Famous for its social movements—against the Vietnam War, in defense of the planet, demanding Black civil rights, gay liberation, and women’s equality—the 1960s and 1970s were also a fertile time for the underground press in the United States. Reveal Digital’s Campus Underground collection on JSTOR includes more than seventy-five publications, many from college campuses or college towns (often produced by a loose cluster of students and other college-aged young people). The open access digital archive provides an exhilarating glimpse into this creative and politically incendiary period.

The explosion of small publications alongside the political upheaval—the latter of which is documented in a companion collection, Student Activism—is not a coincidence. Historically, an alternative press has thrived when social movements are most active. Political organizing gives the alternative press more material to write about. The movements also produce more readers for such outlets: in politically charged times, more people are open to new ideas and question established news sources.

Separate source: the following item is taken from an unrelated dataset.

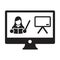 Online course icon vector teacher symbol with computer monitor and whiteboard for online education class in a glyph pictogram
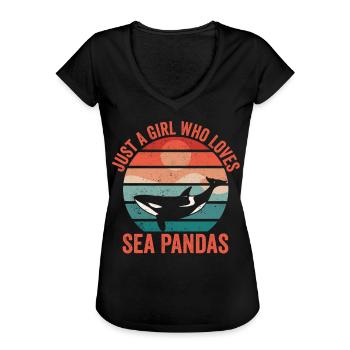 Sjov Orca Whale Sea Panda Retro - Dame vintage T-shirt - sort - Foran - Danielle (179cm)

In the nineteenth century, for example, newspapers like William Lloyd Garrison’s The Liberator, calling for the abolition of slavery, thrived along with the abolitionist movement. By contrast—despite the pervasive racist violence suffered by Black Americans after the Reconstruction—there were few organized mass movements demanding the human rights of Black Americans until the 1930s. As a result, crusading journalist Ida B. Wells, most famous for chronicling the horror of lynching, was a lone voice writing and publishing on the subject, often tragically unheeded and even ostracized in her time.

In the mid-twentieth century, the idea of a “mainstream media,” one that reflected an elite consensus and protected the status quo, emerged with the Nixon Administration’s campaign against media, and the analysis was embraced by many on both the right and the left. Richard Nixon wouldn’t have agreed with the hippies on many issues, but he concurred with their hatred of the elite media. The idea of a mainstream press concealing important knowledge from the public produced a demand for alternatives. The mission of the underground press, then, was to provide these independent sources of news, or, as The Berkeley Barb put it in 1967, “what the dailies didn’t tell.”